═══ SUPPLIED MATERIAL ═══

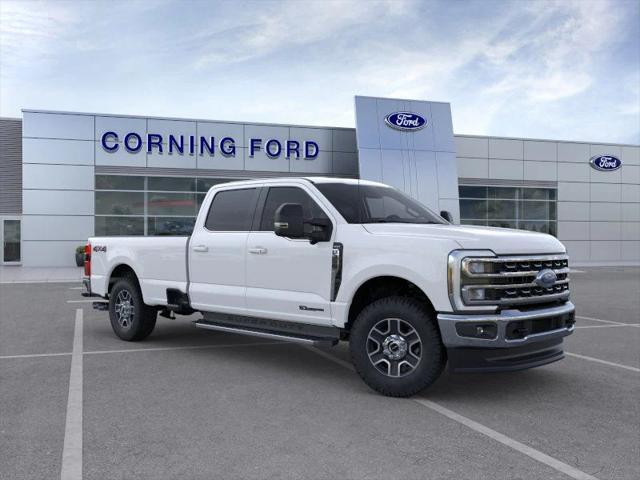 new 2024 Ford F-350 car, priced at $79,725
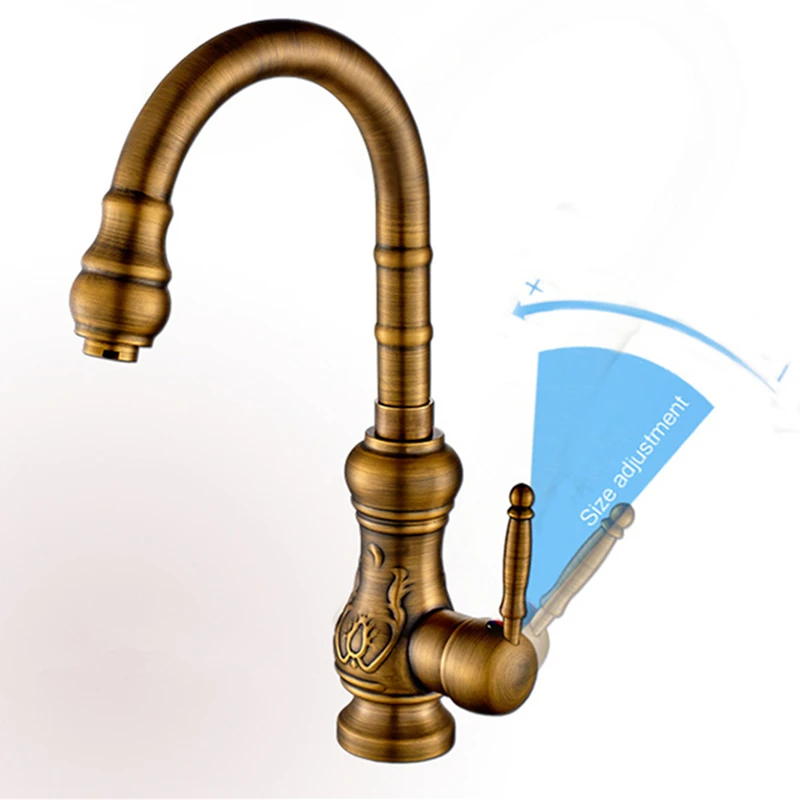 Kitchen Faucets Black Bronze S - đánh giá và giá Commercial Kitchen Mixer Tap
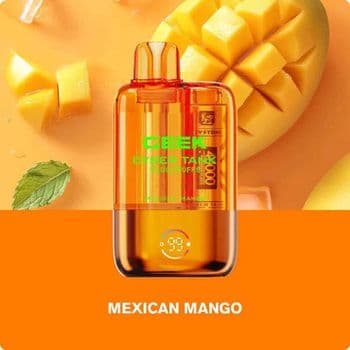 Mexican Mango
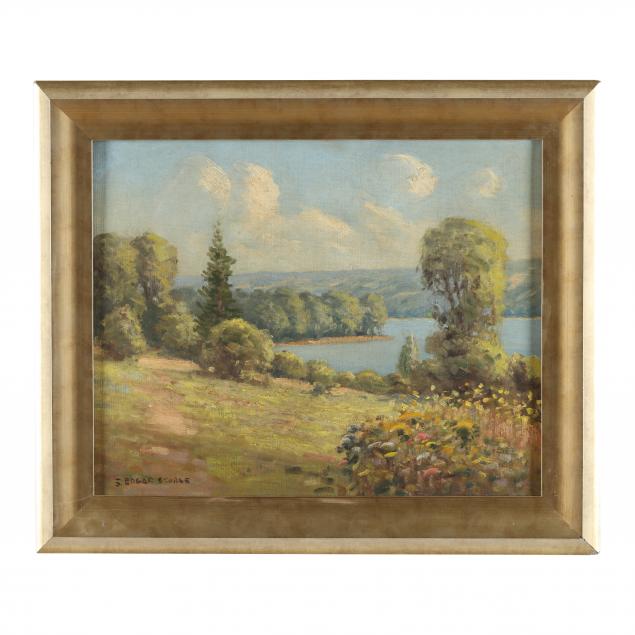 samuel-edgar-george-american-1876-1944-finger-lakes-landscape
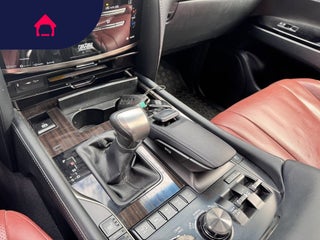 2016 Lexus LX 570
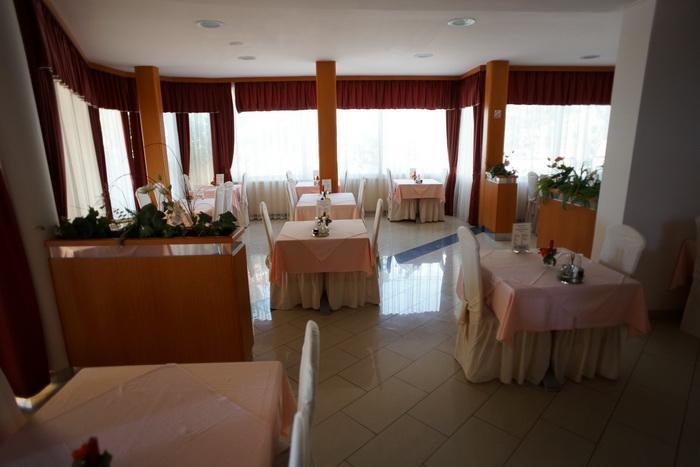 Hotel Conte Promajna Bagian luar foto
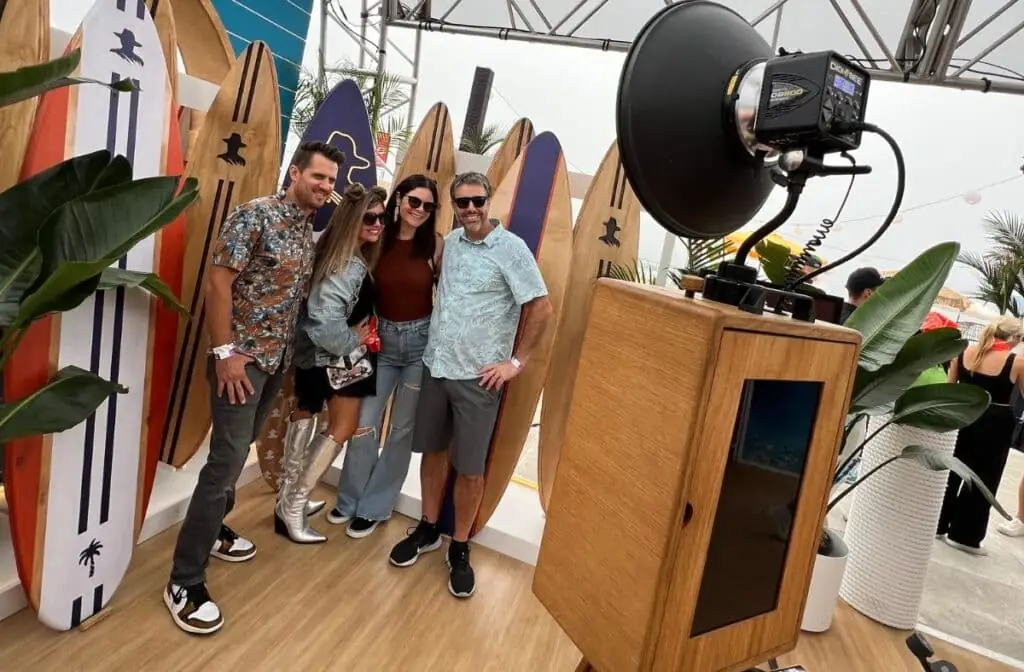 3. Don Julio Palm Tree Music Festival Dana Point 2024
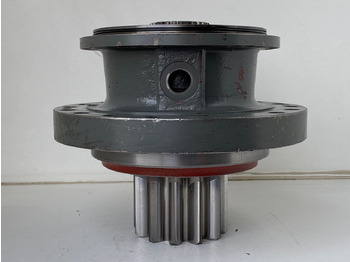 Moteur de rotation LIEBHERR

═══

- [EXERCISE OBJECTIVE]: Could you set down, exactly as written, every line from the one with "Kitchen Faucets Black" to the end of the data, both ends included? Leave out the pictures.

- [FINISHED EXERCISE]:
 Kitchen Faucets Black Bronze S - đánh giá và giá Commercial Kitchen Mixer Tap
 Mexican Mango
 samuel-edgar-george-american-1876-1944-finger-lakes-landscape
 2016 Lexus LX 570
 Hotel Conte Promajna Bagian luar foto
 3. Don Julio Palm Tree Music Festival Dana Point 2024
 Moteur de rotation LIEBHERR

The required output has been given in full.